Then I'll fill the tank, then add lots of fast growing stems and have it up and running. From there, add some fish and Amano's/Cherries. After the stems are growing well, the MH's will be fired up.

Folks that get all impatient pay the price.
Heck, we all have seen that more than we can count. 

Regards, 
Tom Barr


----------



## CobraGuppy

i cant wait.

in the current pic, in the back right side of the tank, theres that little output nozzle thing that can turn.

Is it just there or is that your output?

thanks!


----------



## plantbrain

There are actually two of them.
Yes, those are the returns from the filter.

There are no hoses and siphon tubes at the surface or sides, the tank is drilled and filtered through the bottom.

Regards, 
Tom Barr


----------



## fishscale

chasely said:


> Looking good Tom.
> 
> If someone wouldn't mind answering this for me...what is HC?
> 
> I've tried to do searches but HC is too short to do.
> 
> Chase


To do a search for things like HC and EI, you can go to google and type in

HC site:www.plantedtank.net

and it will search just within the site.



Tom, the Aquasoil would explain it. I assume it's not very light? I tried this with SMS, which makes craters when my shrimp poop.


----------



## plantbrain

Update: 
Made custom lids for the tank, cut out for the wood rising above the surface at one end.
HC has grown in about 1" or so so far.

Regards, 
Tom Barr

BTW, plant fest has been planned for this year!

http://www.barrreport.com/plantfest/4229-plant-fest-2008-a.html?posted=1#post24791


----------



## jaidexl

plantbrain said:


> Made custom lids for the tank, cut out for the wood rising above the surface at one end.


I'd like to see how that turned out. I'm in a dilemma now where I'll most likely have to sacrifice chosen stock for emergent limbs. I don't think I can pull off a cover with multiple branches sticking out at different angles. :/


----------



## stargate_geek

plantbrain said:


> BTW, plant fest has been planned for this year!
> 
> http://www.barrreport.com/plantfest/4229-plant-fest-2008-a.html?posted=1#post24791


And of course I have to 'get into' fish after I move away from Florida! But just for clarification (I have friends there still) is it a collection trip?
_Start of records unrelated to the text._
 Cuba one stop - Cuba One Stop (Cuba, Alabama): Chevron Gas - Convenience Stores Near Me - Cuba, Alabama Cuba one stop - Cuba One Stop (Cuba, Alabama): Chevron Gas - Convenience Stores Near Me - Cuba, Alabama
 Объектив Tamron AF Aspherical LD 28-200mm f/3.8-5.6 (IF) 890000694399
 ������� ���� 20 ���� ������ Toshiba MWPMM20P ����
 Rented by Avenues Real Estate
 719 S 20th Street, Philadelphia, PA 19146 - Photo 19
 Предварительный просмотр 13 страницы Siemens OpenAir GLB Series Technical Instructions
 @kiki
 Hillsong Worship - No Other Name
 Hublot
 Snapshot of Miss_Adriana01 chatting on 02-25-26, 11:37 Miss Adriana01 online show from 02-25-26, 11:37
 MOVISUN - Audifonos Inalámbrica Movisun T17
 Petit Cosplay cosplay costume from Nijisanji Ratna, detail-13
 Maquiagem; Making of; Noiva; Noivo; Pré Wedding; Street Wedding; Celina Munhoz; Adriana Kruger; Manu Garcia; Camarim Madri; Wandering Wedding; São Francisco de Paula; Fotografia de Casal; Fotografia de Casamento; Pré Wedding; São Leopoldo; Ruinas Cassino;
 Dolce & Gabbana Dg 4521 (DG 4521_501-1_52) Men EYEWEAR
Post pictures of the top you made


----------



## Green Leaf Aquariums

Its going to be fun!


----------



## Badcopnofishtank

I noticed that the one return is angled up and towards the back glass. How many intakes / returns do you have? Do you have any photos of your plumbing (intake / returns) beneath the substrate? 

Sorry for all the questions; just finishing the plumbing on my 190 and this is a great example of how to do it right.


----------



## helgymatt

I think he has one intake and one outake. The outtakes is locline with a Y leading to two outtakes. He has two ocean clears that are run parallel.


----------



## A Hill

Looks good Tom!

That plantfest sounds like one fun time. Is it always in FL or do you go here and there around the USA? Next year I think I'll be going to FL for a week and want to do some different stuff and might have to pm you about the directions to which park to see the best plants. Did some kayaking in Longboat key last year in the mangroves and that was neat. 

When is the water coming ?

-Andrew


----------



## EdTheEdge

Any updates??? Inquirin' minds.....


----------



## CL

an update would be GREAT!


----------



## plantbrain

HC:










I think this batch of ADA As is not as nasty as the other I just wrestled with.
Looks pretty well mineralized. 2 of the 4 PC bulbs fried. So I had them replaced and got credit on them, so I'm waiting for them.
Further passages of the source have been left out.